**What you have to do**
Go through the records and show each line where the word "Stainless" occurs.

**Supplied information**
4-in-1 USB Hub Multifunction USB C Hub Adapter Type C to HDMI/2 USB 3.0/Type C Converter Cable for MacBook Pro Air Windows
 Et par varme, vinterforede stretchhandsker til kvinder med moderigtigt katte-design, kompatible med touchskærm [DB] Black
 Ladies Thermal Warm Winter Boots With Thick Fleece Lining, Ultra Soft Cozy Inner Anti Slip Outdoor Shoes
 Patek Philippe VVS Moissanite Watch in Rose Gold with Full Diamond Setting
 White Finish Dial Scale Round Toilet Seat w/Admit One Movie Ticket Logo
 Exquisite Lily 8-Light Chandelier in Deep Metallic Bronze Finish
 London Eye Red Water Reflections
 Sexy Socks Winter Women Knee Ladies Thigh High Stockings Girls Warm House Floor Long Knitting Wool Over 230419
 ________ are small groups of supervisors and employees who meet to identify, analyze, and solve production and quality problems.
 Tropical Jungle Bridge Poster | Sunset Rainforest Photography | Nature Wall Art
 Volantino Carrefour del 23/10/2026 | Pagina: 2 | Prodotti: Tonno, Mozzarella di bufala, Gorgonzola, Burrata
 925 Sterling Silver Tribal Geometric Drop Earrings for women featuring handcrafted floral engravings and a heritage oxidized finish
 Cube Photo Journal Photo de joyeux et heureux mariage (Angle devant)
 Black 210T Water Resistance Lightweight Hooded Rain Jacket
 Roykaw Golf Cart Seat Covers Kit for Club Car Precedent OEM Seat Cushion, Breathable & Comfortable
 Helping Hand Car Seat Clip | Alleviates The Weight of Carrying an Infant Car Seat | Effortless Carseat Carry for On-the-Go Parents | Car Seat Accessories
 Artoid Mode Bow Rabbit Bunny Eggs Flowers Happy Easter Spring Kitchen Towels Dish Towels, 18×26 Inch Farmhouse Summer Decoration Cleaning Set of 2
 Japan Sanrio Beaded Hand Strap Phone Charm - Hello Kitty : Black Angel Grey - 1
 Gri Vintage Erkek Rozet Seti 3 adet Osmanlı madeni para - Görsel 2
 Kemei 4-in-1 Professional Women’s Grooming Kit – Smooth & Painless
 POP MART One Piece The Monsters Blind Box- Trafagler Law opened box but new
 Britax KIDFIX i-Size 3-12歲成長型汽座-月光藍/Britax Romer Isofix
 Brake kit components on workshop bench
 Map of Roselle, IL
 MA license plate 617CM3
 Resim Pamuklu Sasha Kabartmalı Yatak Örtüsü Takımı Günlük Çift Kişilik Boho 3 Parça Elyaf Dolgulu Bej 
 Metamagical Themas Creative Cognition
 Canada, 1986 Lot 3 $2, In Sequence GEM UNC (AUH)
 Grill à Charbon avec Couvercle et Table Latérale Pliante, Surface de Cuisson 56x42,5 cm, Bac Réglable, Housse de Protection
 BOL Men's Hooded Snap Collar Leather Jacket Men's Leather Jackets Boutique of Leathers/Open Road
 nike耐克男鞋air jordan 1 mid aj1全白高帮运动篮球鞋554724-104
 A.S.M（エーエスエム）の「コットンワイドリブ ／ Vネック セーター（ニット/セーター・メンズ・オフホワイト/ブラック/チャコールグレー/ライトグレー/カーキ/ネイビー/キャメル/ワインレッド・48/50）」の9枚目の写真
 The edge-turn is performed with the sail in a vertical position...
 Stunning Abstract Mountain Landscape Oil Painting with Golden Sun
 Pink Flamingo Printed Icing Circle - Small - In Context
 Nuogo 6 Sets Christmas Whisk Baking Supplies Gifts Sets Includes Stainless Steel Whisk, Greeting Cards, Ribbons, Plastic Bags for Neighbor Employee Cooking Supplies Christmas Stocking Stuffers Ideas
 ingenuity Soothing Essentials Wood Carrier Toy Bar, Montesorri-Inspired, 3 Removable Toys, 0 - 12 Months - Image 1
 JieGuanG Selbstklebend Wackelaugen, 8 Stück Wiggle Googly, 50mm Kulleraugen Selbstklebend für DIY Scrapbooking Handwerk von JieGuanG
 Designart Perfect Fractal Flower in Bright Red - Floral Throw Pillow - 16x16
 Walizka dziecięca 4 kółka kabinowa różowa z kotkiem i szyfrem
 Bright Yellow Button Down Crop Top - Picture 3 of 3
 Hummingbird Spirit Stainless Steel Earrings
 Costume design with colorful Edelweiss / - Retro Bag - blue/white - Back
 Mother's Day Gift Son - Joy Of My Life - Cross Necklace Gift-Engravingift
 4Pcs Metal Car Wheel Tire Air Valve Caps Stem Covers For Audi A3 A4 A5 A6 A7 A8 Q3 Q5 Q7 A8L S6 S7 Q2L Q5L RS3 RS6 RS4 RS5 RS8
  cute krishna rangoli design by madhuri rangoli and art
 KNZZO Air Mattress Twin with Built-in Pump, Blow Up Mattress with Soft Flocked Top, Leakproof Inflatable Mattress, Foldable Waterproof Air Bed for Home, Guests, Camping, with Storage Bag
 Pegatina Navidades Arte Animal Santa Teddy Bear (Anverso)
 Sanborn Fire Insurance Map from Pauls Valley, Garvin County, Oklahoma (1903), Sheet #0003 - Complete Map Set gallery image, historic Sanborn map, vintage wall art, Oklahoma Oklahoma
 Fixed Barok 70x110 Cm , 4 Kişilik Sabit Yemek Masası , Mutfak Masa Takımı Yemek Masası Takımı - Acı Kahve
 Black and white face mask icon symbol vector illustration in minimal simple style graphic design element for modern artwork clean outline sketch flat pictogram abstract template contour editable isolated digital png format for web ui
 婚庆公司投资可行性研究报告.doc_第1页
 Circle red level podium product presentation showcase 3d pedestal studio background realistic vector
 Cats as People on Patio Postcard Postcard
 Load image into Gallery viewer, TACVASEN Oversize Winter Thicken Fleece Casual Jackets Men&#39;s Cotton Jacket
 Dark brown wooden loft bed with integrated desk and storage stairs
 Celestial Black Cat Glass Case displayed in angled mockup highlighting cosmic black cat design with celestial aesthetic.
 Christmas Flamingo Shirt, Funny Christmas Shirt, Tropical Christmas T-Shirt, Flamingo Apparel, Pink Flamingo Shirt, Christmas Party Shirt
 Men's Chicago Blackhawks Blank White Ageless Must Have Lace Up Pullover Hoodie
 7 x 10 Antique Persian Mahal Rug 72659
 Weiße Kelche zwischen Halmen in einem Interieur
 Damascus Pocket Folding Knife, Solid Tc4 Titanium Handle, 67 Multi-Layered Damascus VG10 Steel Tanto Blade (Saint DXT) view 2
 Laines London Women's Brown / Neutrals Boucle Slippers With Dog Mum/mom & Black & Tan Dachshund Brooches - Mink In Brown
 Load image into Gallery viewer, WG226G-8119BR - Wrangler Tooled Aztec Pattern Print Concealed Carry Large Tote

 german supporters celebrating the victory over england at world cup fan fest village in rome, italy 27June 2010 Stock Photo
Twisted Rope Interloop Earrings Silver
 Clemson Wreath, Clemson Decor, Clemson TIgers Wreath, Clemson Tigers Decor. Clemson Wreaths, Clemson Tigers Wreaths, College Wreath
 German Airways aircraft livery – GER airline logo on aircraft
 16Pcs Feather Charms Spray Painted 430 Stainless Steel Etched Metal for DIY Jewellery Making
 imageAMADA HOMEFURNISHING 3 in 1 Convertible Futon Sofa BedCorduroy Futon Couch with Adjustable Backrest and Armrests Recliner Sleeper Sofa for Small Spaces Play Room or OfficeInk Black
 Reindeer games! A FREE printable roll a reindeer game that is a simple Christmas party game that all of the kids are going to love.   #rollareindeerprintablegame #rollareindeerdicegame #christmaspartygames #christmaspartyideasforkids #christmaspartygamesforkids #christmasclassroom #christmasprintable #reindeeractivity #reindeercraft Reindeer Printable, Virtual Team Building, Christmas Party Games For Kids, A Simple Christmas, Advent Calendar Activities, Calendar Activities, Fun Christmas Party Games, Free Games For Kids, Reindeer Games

**Exercise output**
 Nuogo 6 Sets Christmas Whisk Baking Supplies Gifts Sets Includes Stainless Steel Whisk, Greeting Cards, Ribbons, Plastic Bags for Neighbor Employee Cooking Supplies Christmas Stocking Stuffers Ideas
 Hummingbird Spirit Stainless Steel Earrings
 16Pcs Feather Charms Spray Painted 430 Stainless Steel Etched Metal for DIY Jewellery Making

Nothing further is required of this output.